Le projet de loi visant à légaliser les casinos au sein de complexes de loisirs se transforme en véritable casse-tête politique pour le gouvernement Pheu Thai. Alors que le texte devait être examiné en première lecture à la Chambre des représentants le 9 avril, la volonté du gouvernement d’accélérer les débats a suscité une levée de boucliers, forçant le report à la prochaine session parlementaire, prévue le 2 juillet.

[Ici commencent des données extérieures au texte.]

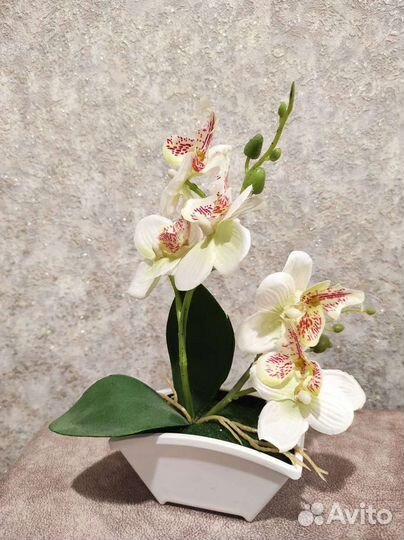 Орхидея искусственная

La Première ministre Paetongtarn Shinawatra a affirmé que le projet n’avait pas été abandonné, mais que le gouvernement devait donner la priorité à d’autres urgences, comme la question des droits de douane avec les États-Unis. Elle a assuré que l’exécutif poursuivrait les consultations publiques et clarifierait les objectifs du texte, qui prévoit notamment l’intégration de casinos dans de vastes complexes de divertissement.
Face à cela, les opposants exigent le retrait pur et simple du projet.
L’avenir du texte pourrait profondément bouleverser l’équilibre de la coalition gouvernementale. Si le gouvernement choisit de temporiser, misant sur une opinion publique mieux préparée, il pourrait traverser la fin du mandat sans contestation majeure, à condition que sa stratégie économique produise des résultats visibles. En revanche, s’il pousse le projet en s’appuyant sur l’ensemble de la coalition, il devra affronter une opposition déterminée, et chaque parti allié, notamment Pheu Thai et Bhumjaithai, devra renforcer sa cohésion pour limiter l’érosion de sa base électorale.
Une troisième option consisterait pour Bhumjaithai à prendre ses distances avec le texte, ce qui priverait Pheu Thai d’une majorité stable à la Chambre et l’obligerait à négocier avec de plus petits partis pour achever son mandat. Mais ce scénario pèserait aussi lourdement sur Bhumjaithai, qui contrôle actuellement le ministère de l’Intérieur.
En quittant la coalition, il perdrait à la fois un levier d’influence majeur et ses précieuses alliances locales. Le dilemme est d’autant plus complexe que le secrétaire général du parti, Chaichanok Chidchob, a publiquement exprimé son opposition aux casinos. En maintenant cette position, il affaiblit la cohésion gouvernementale ; en y renonçant, il s’expose à des accusations d’incohérence. Le chef du parti, Anutin Charnvirakul, qui se présente comme un leader conservateur, devra lui aussi affronter les critiques s’il soutient une mesure perçue comme moralement controversée.
Thanaporn Sriyakul, directeur de l’Institut d’analyse politique et des politiques publiques, estime que Bhumjaithai a plus à perdre qu’à gagner, quelle que soit sa position. Il pense cependant que Pheu Thai assumera le risque, convaincu que les bénéfices à long terme surpassent les obstacles politiques.
Adopté par le cabinet le 27 mars, le projet de loi s’inscrit dans une stratégie de relance économique visant à diversifier les sources de revenus du pays. Le gouvernement espère générer entre 119 et 283 milliards de bahts par an et attirer 5 à 10 % de visiteurs étrangers supplémentaires. Les complexes comprendraient principalement des salles de concert, des arènes sportives, des parcs aquatiques et des hôtels, tandis que les casinos occuperaient moins de 10 % de l’espace total.